▶ **WORK TASK**
The result should be a full, exact repeat of the entries, free of pictures.

▶ **DATASET**
┄┄┄┄┄┄┄┄┄┄┄┄┄┄┄┄┄┄┄┄

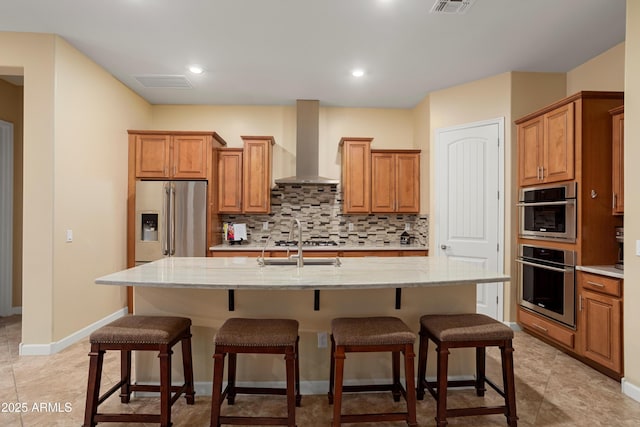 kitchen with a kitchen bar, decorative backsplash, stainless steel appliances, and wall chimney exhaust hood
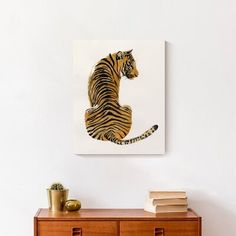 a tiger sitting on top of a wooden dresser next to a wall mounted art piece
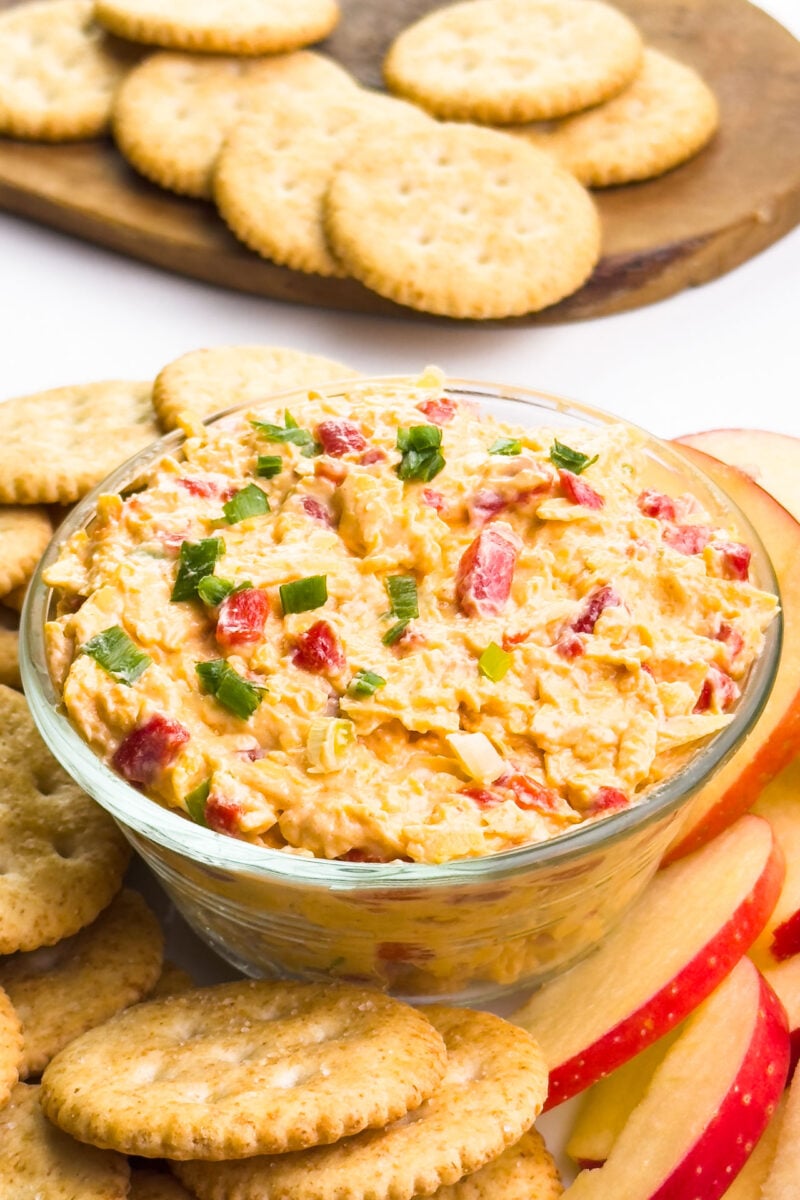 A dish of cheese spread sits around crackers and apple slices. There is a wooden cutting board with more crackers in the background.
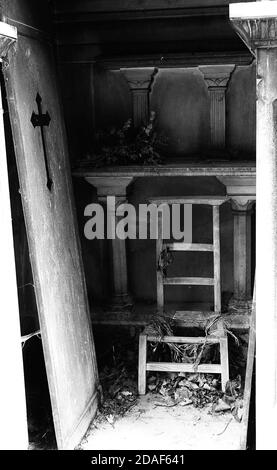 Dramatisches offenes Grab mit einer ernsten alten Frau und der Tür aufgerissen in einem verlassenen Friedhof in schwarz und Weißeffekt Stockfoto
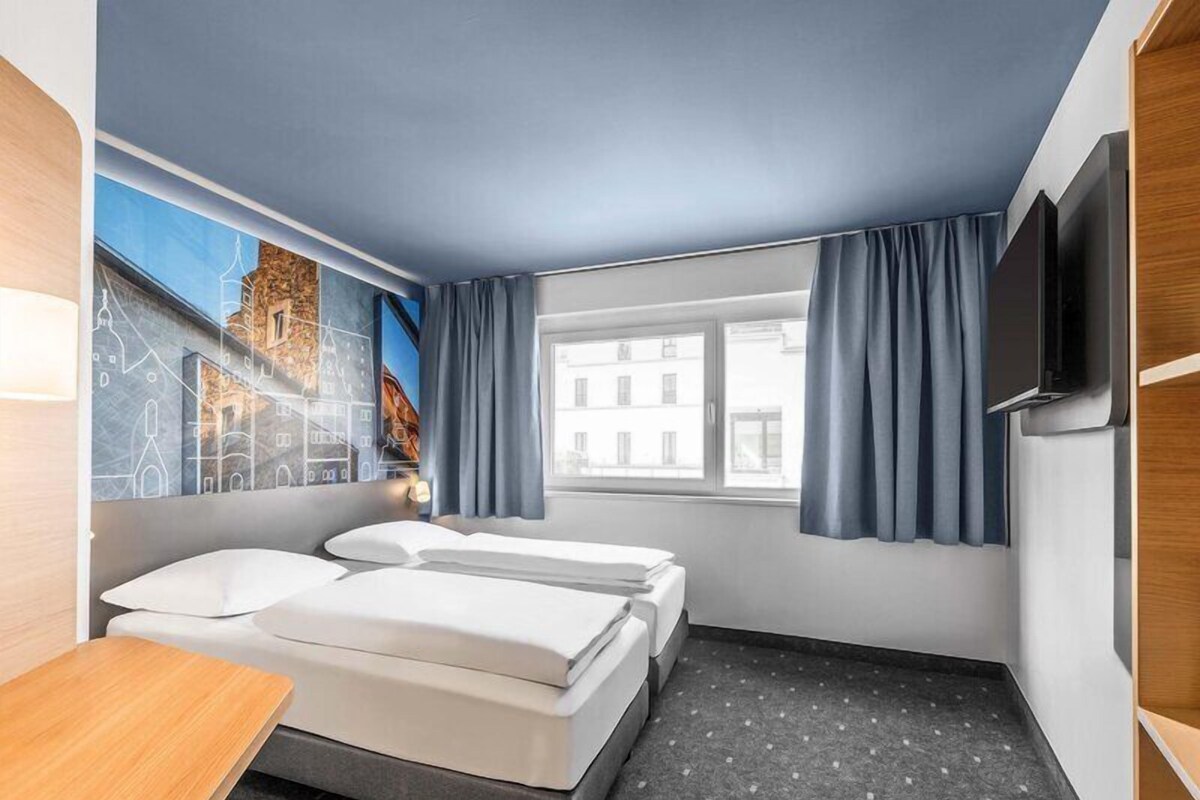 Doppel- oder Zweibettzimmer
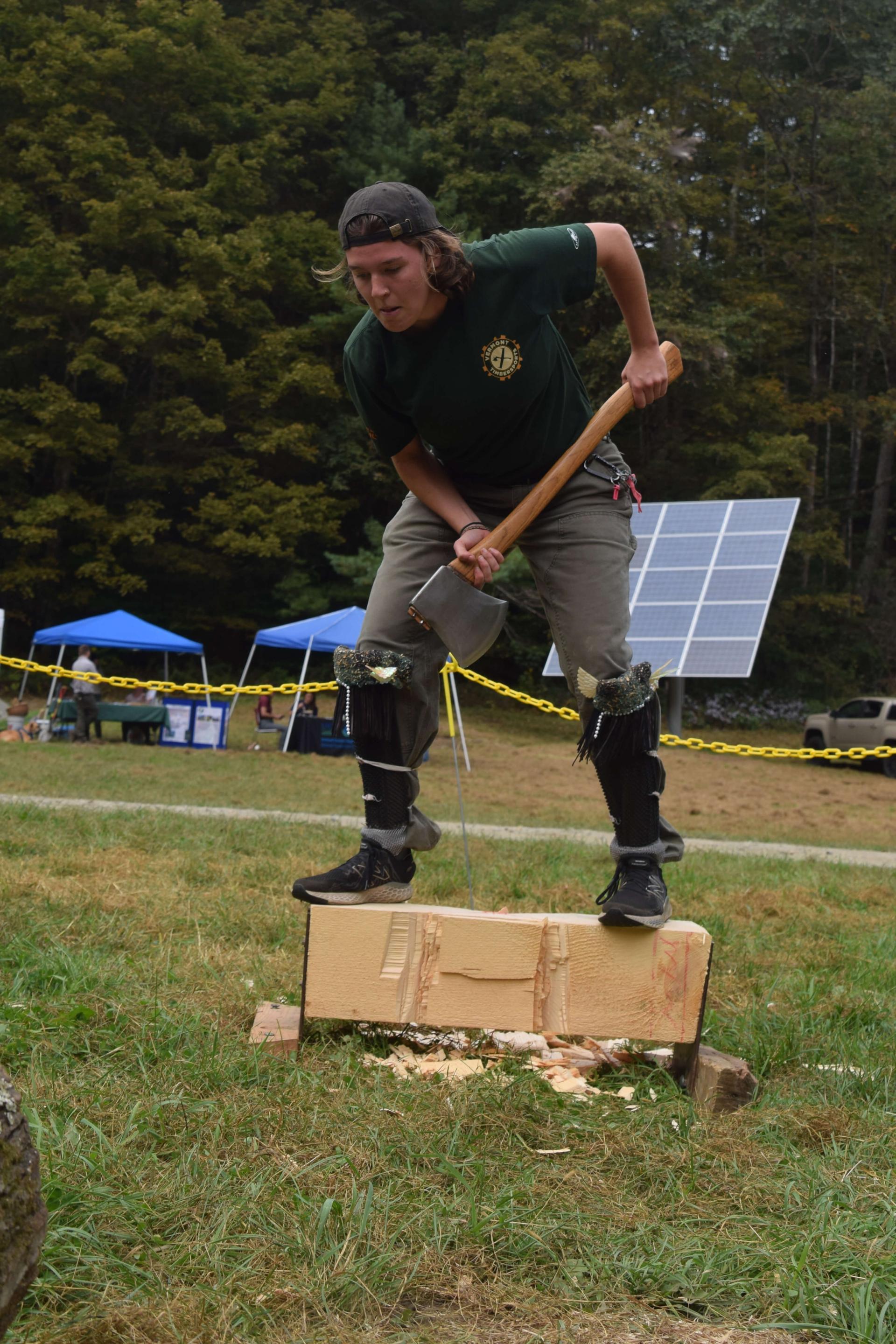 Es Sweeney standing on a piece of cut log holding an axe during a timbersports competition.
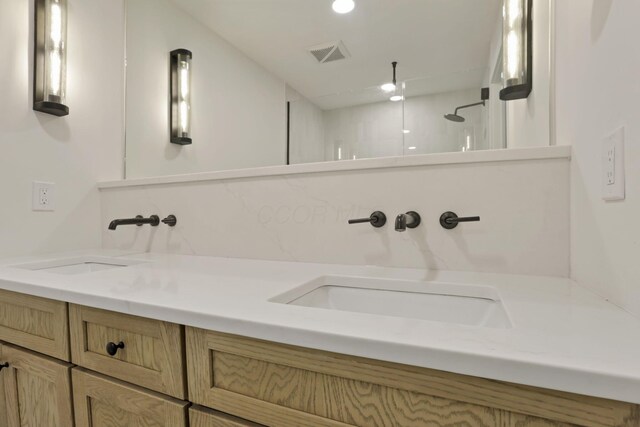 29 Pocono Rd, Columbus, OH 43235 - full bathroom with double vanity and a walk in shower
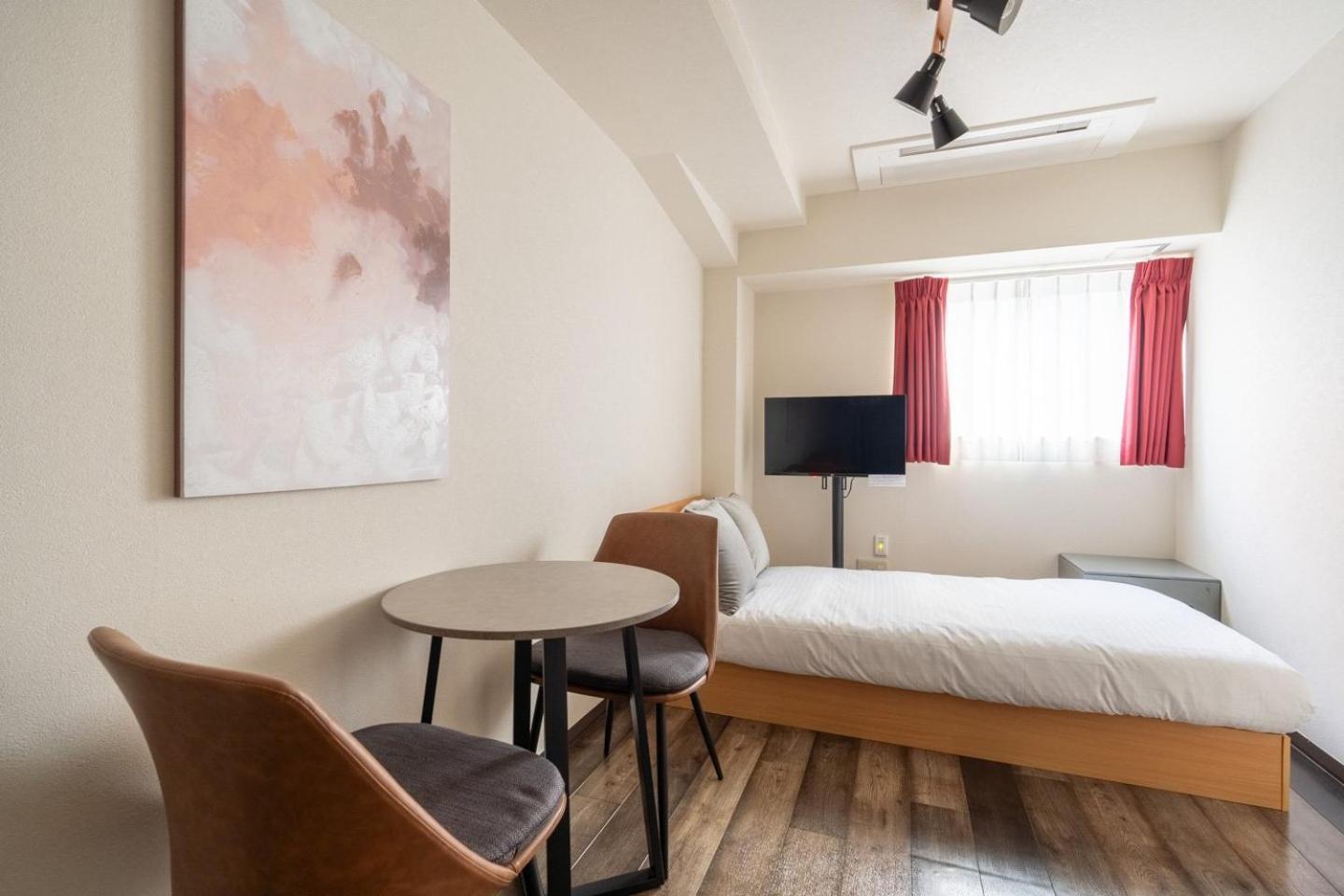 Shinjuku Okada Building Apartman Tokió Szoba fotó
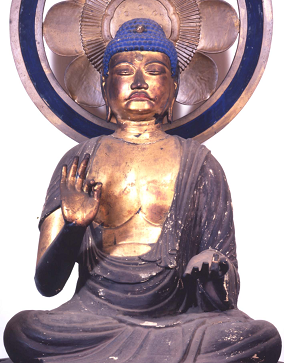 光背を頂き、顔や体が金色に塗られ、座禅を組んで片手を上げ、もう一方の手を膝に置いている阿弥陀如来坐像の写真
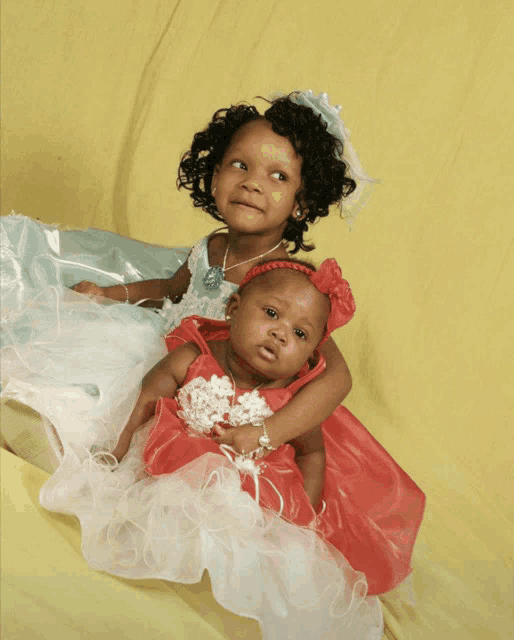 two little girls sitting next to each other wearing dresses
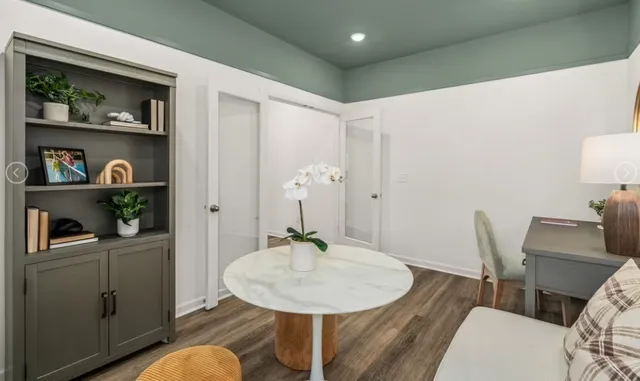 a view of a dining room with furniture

┄┄┄┄┄┄┄┄┄┄┄┄┄┄┄┄┄┄┄┄

▶ **OUTPUT FOR THIS TASK**
 kitchen with a kitchen bar, decorative backsplash, stainless steel appliances, and wall chimney exhaust hood
 a tiger sitting on top of a wooden dresser next to a wall mounted art piece
 A dish of cheese spread sits around crackers and apple slices. There is a wooden cutting board with more crackers in the background.
 Dramatisches offenes Grab mit einer ernsten alten Frau und der Tür aufgerissen in einem verlassenen Friedhof in schwarz und Weißeffekt Stockfoto
 Doppel- oder Zweibettzimmer
 Es Sweeney standing on a piece of cut log holding an axe during a timbersports competition.
 29 Pocono Rd, Columbus, OH 43235 - full bathroom with double vanity and a walk in shower
 Shinjuku Okada Building Apartman Tokió Szoba fotó
 光背を頂き、顔や体が金色に塗られ、座禅を組んで片手を上げ、もう一方の手を膝に置いている阿弥陀如来坐像の写真
 two little girls sitting next to each other wearing dresses
 a view of a dining room with furniture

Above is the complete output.